Гроб обвязывают веревками, звездно-полосатое полотнище хлопает по бокам. Он стоит среди багажа живых — четкий контур на фоне заходящего солнца — и для меня становится символом всех задрапированных флагами гробов, которые в укромном уголке летного поля ждут, когда их отправят обратно домой, — и я плачу, глядя, как ее вносят в чрево самолета.

Шёнеберг, испещренный солнечными пятнами, спокойный городок в стране, где солнце — редкость. Идиллический сад, будто нарочно придуманный для возвращения романтической девочки.

Моя мать спит под ковром из ландышей… Я делаю несколько шагов, отделяющих ее от ее матери. Я стою возле бабушкиной могилы, и меня душат слезы.
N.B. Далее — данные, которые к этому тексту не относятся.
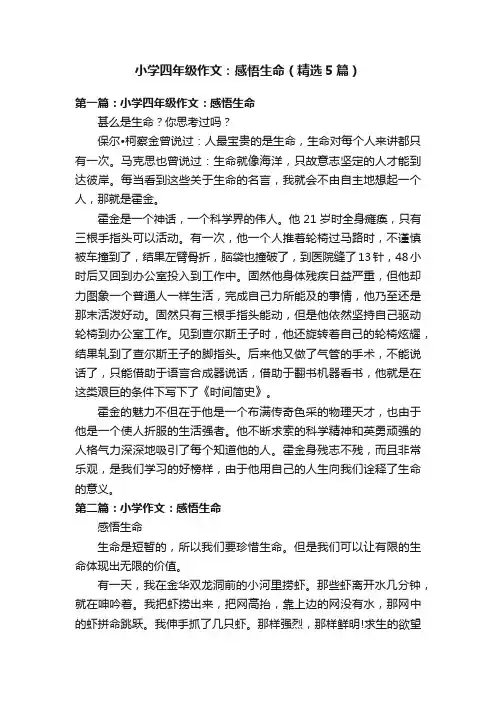 小学四年级作文：感悟生命（精选5篇）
Мне так много нужно ей сказать, и слов из моего детства недостаточно — я ведь хочу сказать бабушке, что вернула ей ее дитя, которое мне доверили очень давно, вернула, чтобы она снова ее любила и, возможно, даже простила за то, что ее дочь причиняла боль тем, кто в ней так нуждался.

Я только шепчу: «Будь к ней добра. Ей нужно, чтобы ты была к ней добра», — и плачу обо всей потерянной любви, которую нельзя вернуть, и оставляю их, чтобы они вместе продолжали свой путь.